Thanos Moschopoulos - Analyst
-- Okay -- .
Elliot Noss - President & CEO
-- Just to be clear. But, that -- really that was primarily through the last week of December and the first couple weeks in January. So, it did carry on into the first quarter. But, it's -- now, it's business as usual
Thanos Moschopoulos - Analyst
Right. Okay.
Elliot Noss - President & CEO
I mean, we have a bunch of new customers. And of course, as they come over, they bring over maybe their domain portfolios. They speak to their friends, etc. One of the great ways to track Hover is just looking at Twitter and watching mentions about Hover or hover.com or hash-tag Hover. You really get a great flavor for the ground swell and support and real customer appreciation for Hover there.
Thanos Moschopoulos - Analyst
Okay. That's it for me. I'll pass the line. Thank you.
Elliot Noss - President & CEO
Great. Thanks, Thanos.
Operator
Your next question comes from the line of Jim Kennedy from Marathon Capital Management. Your line is open.
Jim Kennedy - Analyst
Hi, Elliot.
Elliot Noss - President & CEO
Hey, Jim.
Jim Kennedy - Analyst
Congratulations on a great quarter.
Elliot Noss - President & CEO
Thank you.
Jim Kennedy - Analyst
Couple housekeeping issues. With the buyback, shares outstanding at this point, are we kind of in that 47 million range?
Elliot Noss - President & CEO
I want to say 46 million, but Mike's going to correct me.
Michael Cooperman - CFO
No, 46 million is right.
Jim Kennedy - Analyst
Okay. So, okay. So, we're at 46 million. All right. Very good. Secondly, I missed the context of your mark-to-market comment earlier. What were you referring to that you were going to mark to market starting next quarter?
Elliot Noss - President & CEO
We're going to -- we're considering it. And what that would do would be to take the sort of the lumpiness out of the way we report, take that big correction for currency and sort of blend it in with the rest of the accounts. So, it's a lot less of a big bite going down the gullet might be the best way to put it.
Jim Kennedy - Analyst
So, what are you not marking to market now that you would mark to market at that point?
Elliot Noss - President & CEO
It's just a different presentation of the same contracts. So, we're doing nothing different. We would do nothing different in the way we hold contracts or hedge currencies, nothing different in our strategy or our tactics. It's just simply the presentation. And to take this mark-to-market approach is more work and more expense. And you know that I always look very carefully at every expense, Jim. And so -- .
Jim Kennedy - Analyst
-- Got it -- .
Elliot Noss - President & CEO
-- There's been a constant dialogue. And the tradeoff is, is this bit of extra effort and extra spend worth the cleanliness in the presentation? And we've got a little bit of a better handle on the work, and we've beaten up our suppliers a little bit more. So, we're looking at it a little more closely.
Jim Kennedy - Analyst
Okay. Good. Next question, are you seeing any traction whatsoever in the expansion of the high-level domain name yet, or are we still in the kind of warming up, waiting for the first inning there?

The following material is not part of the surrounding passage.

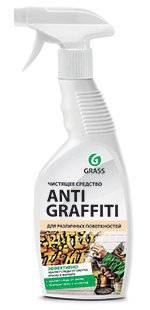 Средство чистящее GraSS "Antigraffiti" 600мл 117107 Средство чистящее GraSS "Antigraffiti" 600мл 117107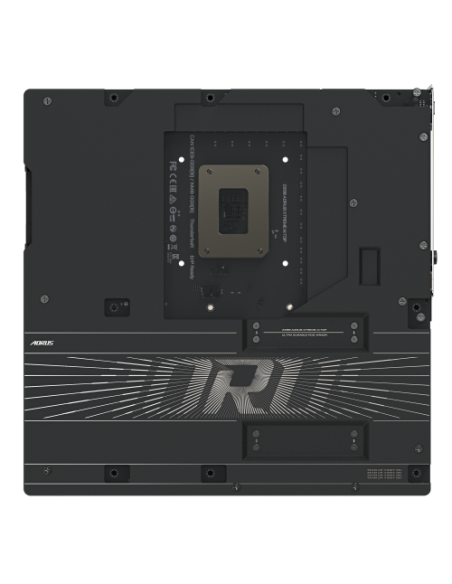 GIGABYTE Z890 AORUS XTREME AI TOP Placa Base - Compatible con CPUs Intel Core Ultra (Serie 2), VRM de 22+1+2 fases, hasta 9500MH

Elliot Noss - President & CEO
Well, I think this is more like they're introducing the opening lineups than quite the first inning. So, things are continuing apace. I repeat what I always say, which you've heard me say to you for years. No revenue until 2013 at the earliest. But, it was announced very recently that there's now 100 applications in the queue. Applications will be coming in until April 12th. And we will be, I'd say, surprised if there's not the full 1,000 or 1,000 plus in there by April 12th.
And sort of towards the end of April around May 1st, there is what those of us in the industry are calling the reveal, which is when ICANN will turn over all the cards and let us know who's bid on what and where there's contention and where there's not. So, this is continuing exactly as it should, but again, no acceleration in the potential for revenue.
Jim Kennedy - Analyst
Is the thought there on ICANN's part that, if I did win something -- let's suppose I'm the only person that wanted a name -- .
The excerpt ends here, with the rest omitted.